[Materials provided — start]

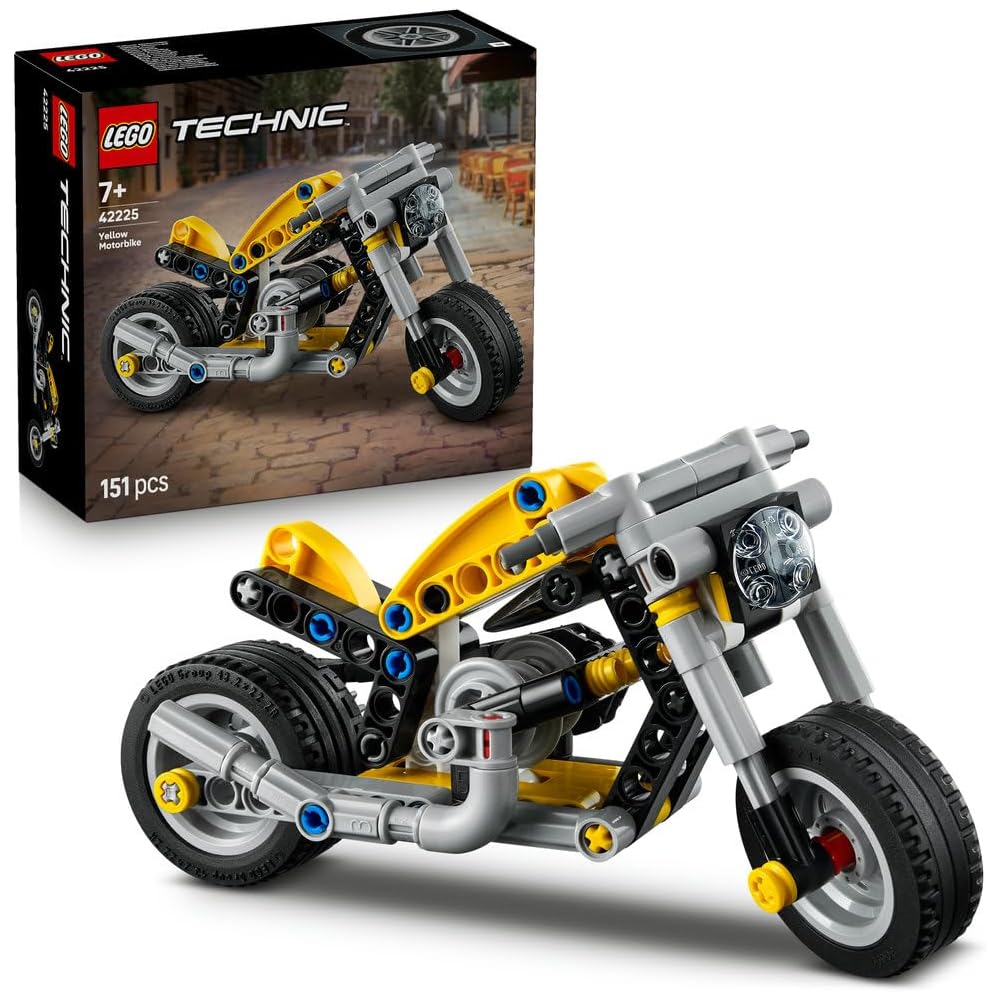 LEGO Technic Yellow Motorcycle Building Kit Educational Toy for Kids Ages 7-9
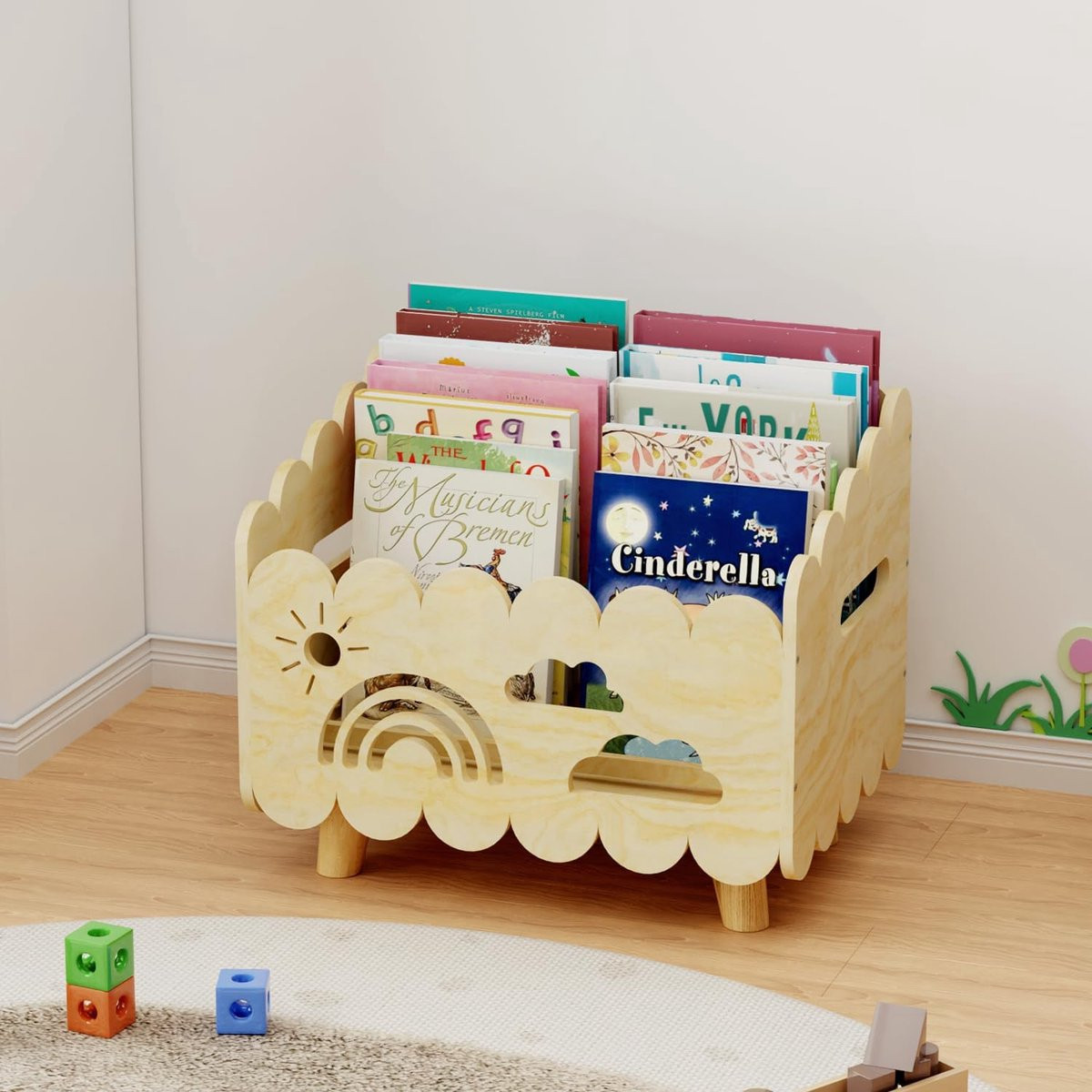 Montessori boekenkast en speelgoedorganizer voor de kinderkamer
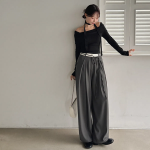 Ribon Strap Bicolor Pin-Tuck Slacks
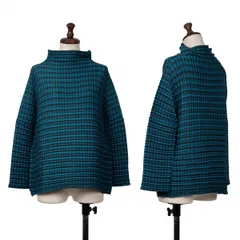 イッセイミヤケ ミーISSEY MIYAKE me チェックプリントストレッチプリーツハイネックカットソー ターコイズブルーFのサムネイル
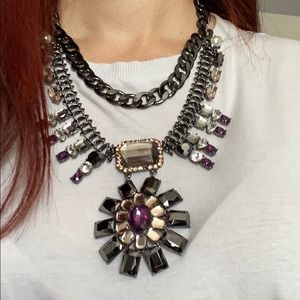 Large gunmetal statement necklace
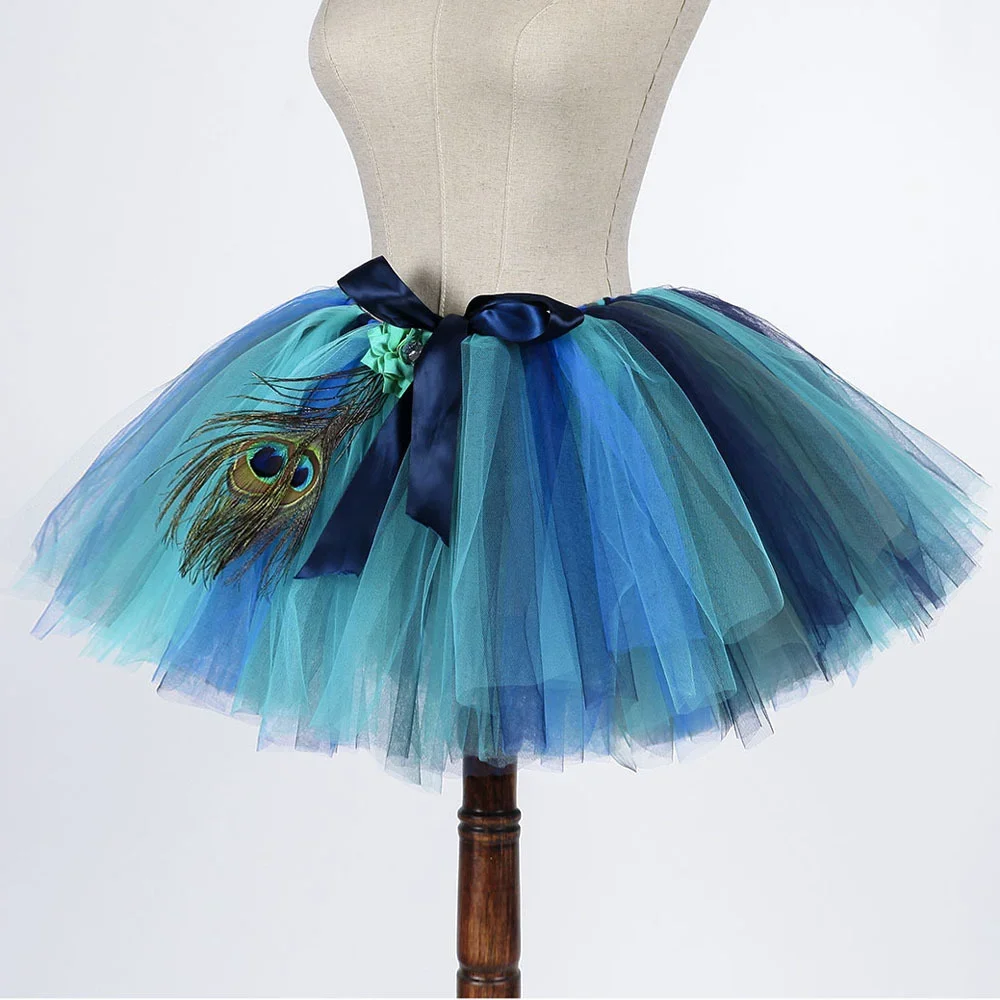 2-14 Jahre Feder Pfau Flauschiger Rock Frauen Erwachsene Geburtstagsfeier Rollenspiel Tutu Halloween Festzug Pfau Tierkostüm für Te Image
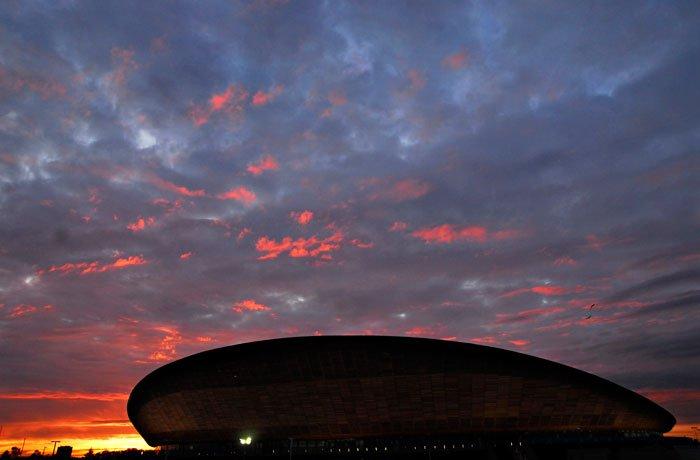 The Velodrome at sunset; the venue will host Track Cycling and Paralympic Track Cycling.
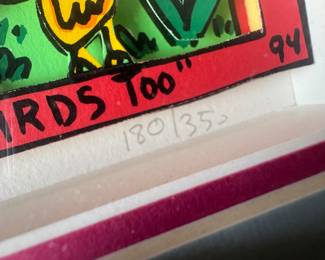 WA14 James Rizzi - Cats and Dogs Are Love Birds Too, 14"W x 12"H , Signed / Edition 180/350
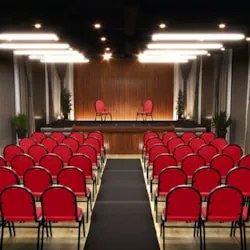 Kit 4 Cadeiras Hoteleiras Auditório Empilhável Sintético Z33 Vermelho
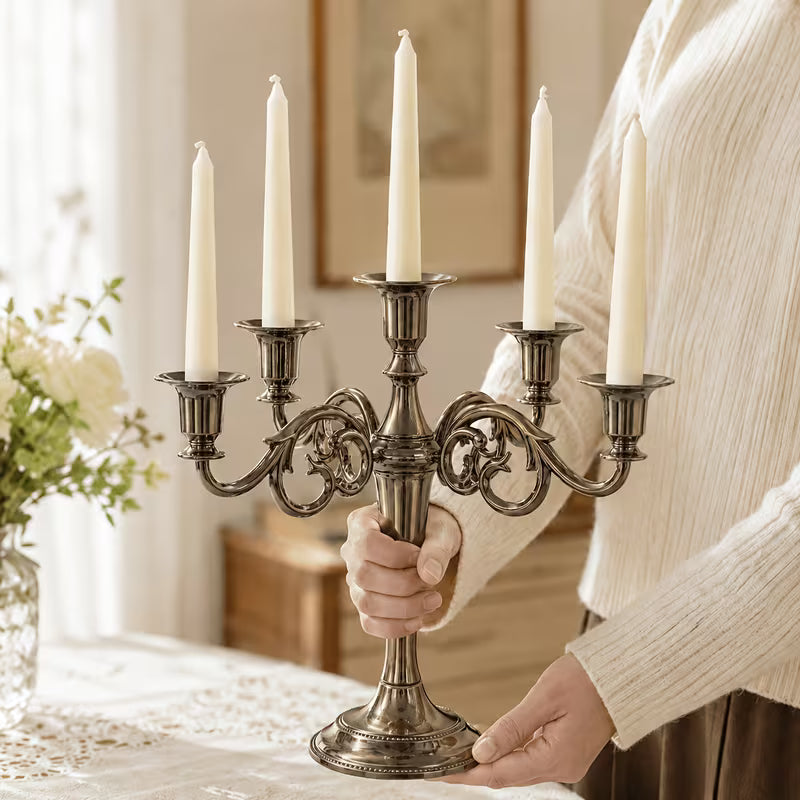 5-Arm Candelabra Candle Holder, Elegant 5-Light Taper Candle Stand Centerpiece for Wedding Table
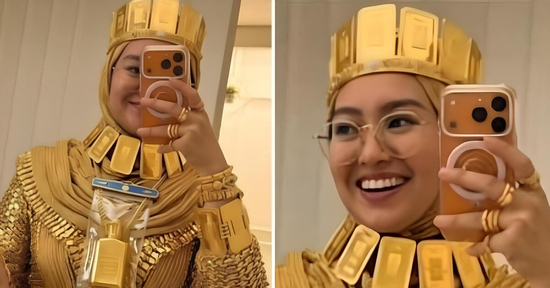 Cô dâu 'phủ' vàng từ đầu đến chân ở Dubai gây tranh cãi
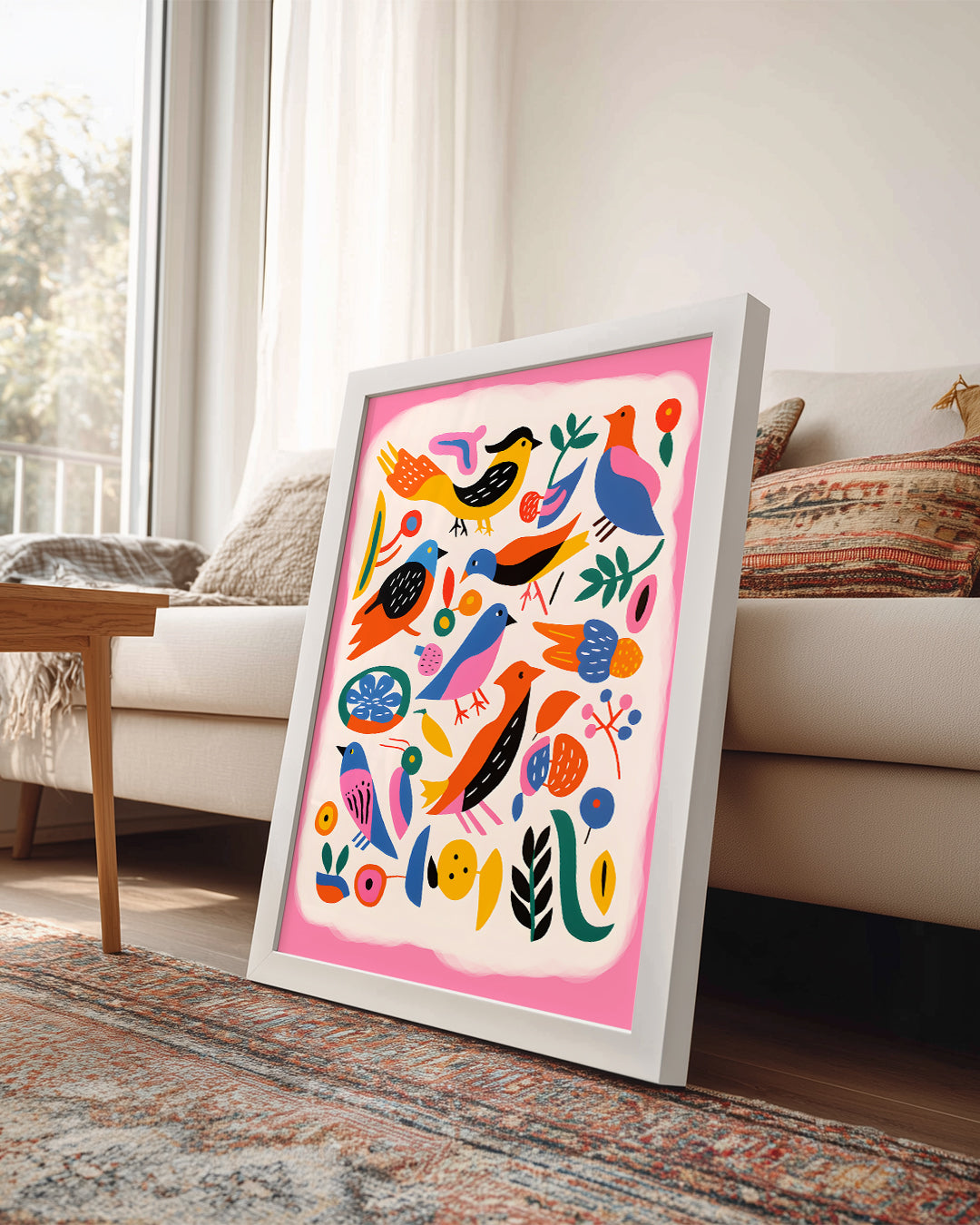 Kuş - Renkli Çizim Deseni Poster Tablosu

[Materials provided — finish]

**Problem to solve:** The records above should be duplicated exactly, with none of their pictures kept.

**Answer space:**
 LEGO Technic Yellow Motorcycle Building Kit Educational Toy for Kids Ages 7-9
 Montessori boekenkast en speelgoedorganizer voor de kinderkamer
 Ribon Strap Bicolor Pin-Tuck Slacks
 イッセイミヤケ ミーISSEY MIYAKE me チェックプリントストレッチプリーツハイネックカットソー ターコイズブルーFのサムネイル
 Large gunmetal statement necklace
 2-14 Jahre Feder Pfau Flauschiger Rock Frauen Erwachsene Geburtstagsfeier Rollenspiel Tutu Halloween Festzug Pfau Tierkostüm für Te Image
 The Velodrome at sunset; the venue will host Track Cycling and Paralympic Track Cycling.
 WA14 James Rizzi - Cats and Dogs Are Love Birds Too, 14"W x 12"H , Signed / Edition 180/350
 Kit 4 Cadeiras Hoteleiras Auditório Empilhável Sintético Z33 Vermelho
 5-Arm Candelabra Candle Holder, Elegant 5-Light Taper Candle Stand Centerpiece for Wedding Table
 Cô dâu 'phủ' vàng từ đầu đến chân ở Dubai gây tranh cãi
 Kuş - Renkli Çizim Deseni Poster Tablosu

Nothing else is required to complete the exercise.